**Work to complete**
Write out, word for word and with no pictures, each line below from the one containing "Ilustrasi Kafe Outdoor" through the one containing "BMW X3 2021 — imagine 10", both included, and no other line.

**Record extracts**
====

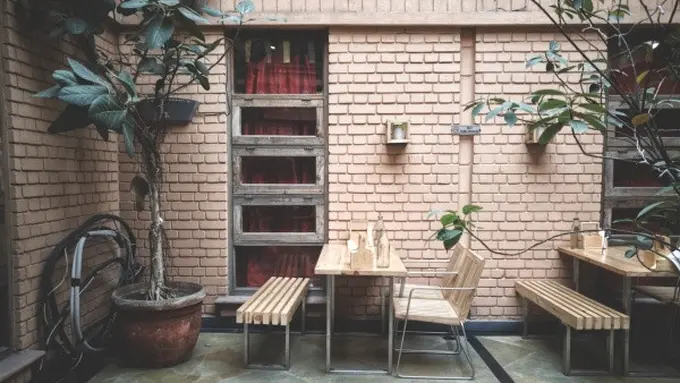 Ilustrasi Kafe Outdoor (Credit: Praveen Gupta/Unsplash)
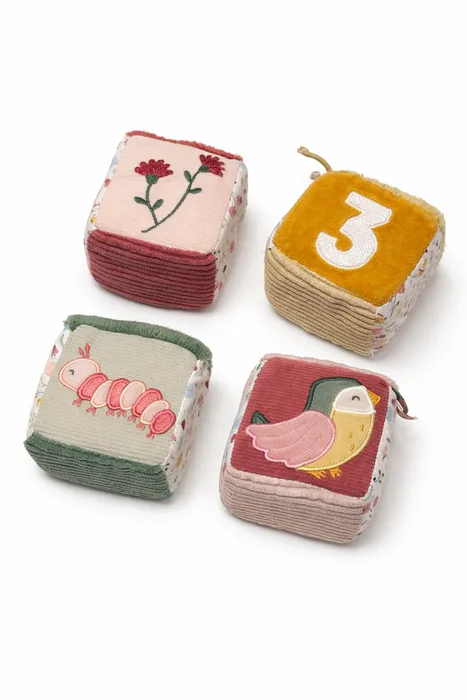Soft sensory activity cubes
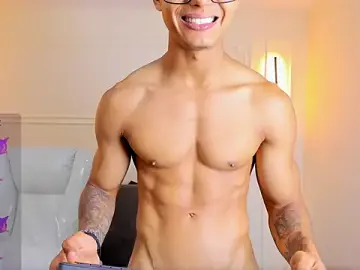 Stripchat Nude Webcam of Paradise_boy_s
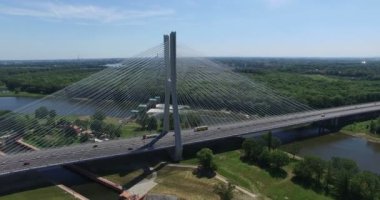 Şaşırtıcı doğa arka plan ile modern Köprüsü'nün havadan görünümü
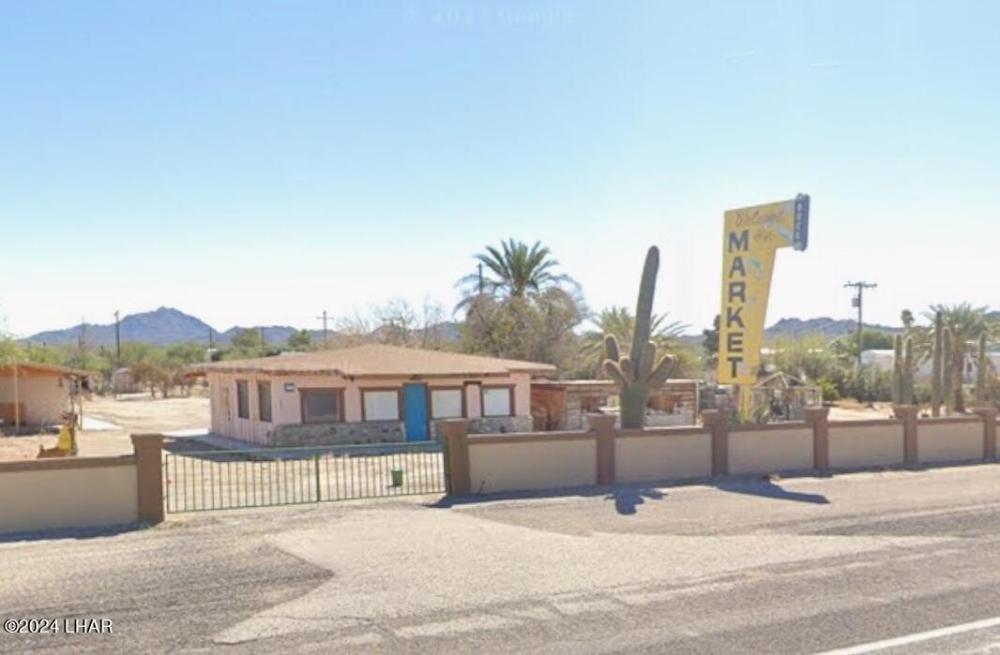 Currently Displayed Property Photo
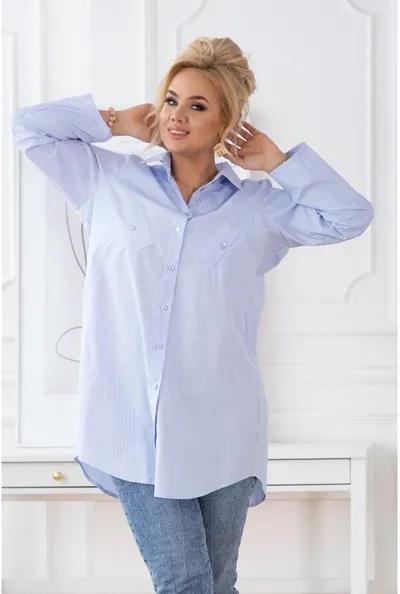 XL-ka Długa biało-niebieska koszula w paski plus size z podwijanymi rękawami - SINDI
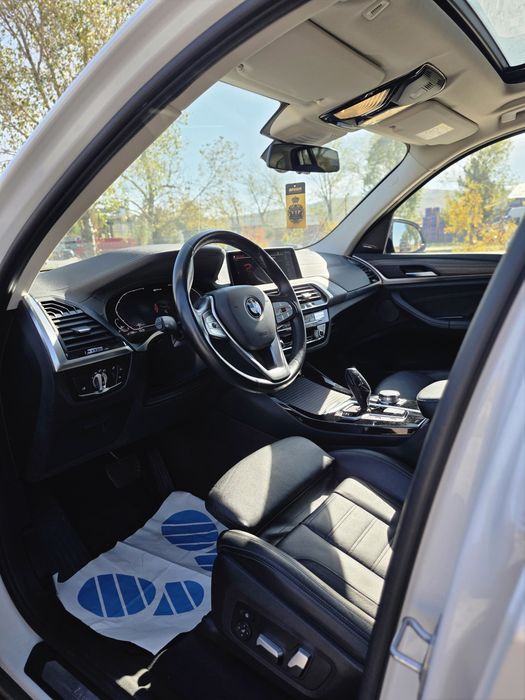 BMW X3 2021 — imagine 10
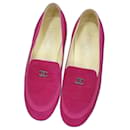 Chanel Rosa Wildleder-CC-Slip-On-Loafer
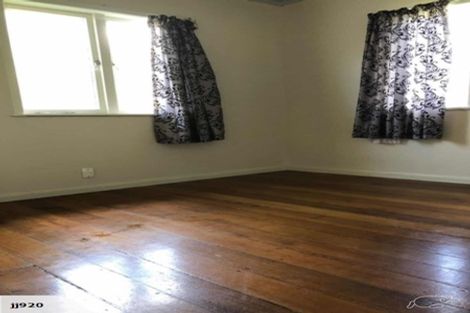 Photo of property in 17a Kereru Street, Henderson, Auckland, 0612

====

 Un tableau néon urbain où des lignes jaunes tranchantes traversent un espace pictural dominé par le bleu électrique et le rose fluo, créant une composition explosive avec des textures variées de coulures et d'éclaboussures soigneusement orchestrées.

====

**Result below**
 Ilustrasi Kafe Outdoor (Credit: Praveen Gupta/Unsplash)
Soft sensory activity cubes
 Stripchat Nude Webcam of Paradise_boy_s
 Şaşırtıcı doğa arka plan ile modern Köprüsü'nün havadan görünümü
 Currently Displayed Property Photo
 XL-ka Długa biało-niebieska koszula w paski plus size z podwijanymi rękawami - SINDI
 BMW X3 2021 — imagine 10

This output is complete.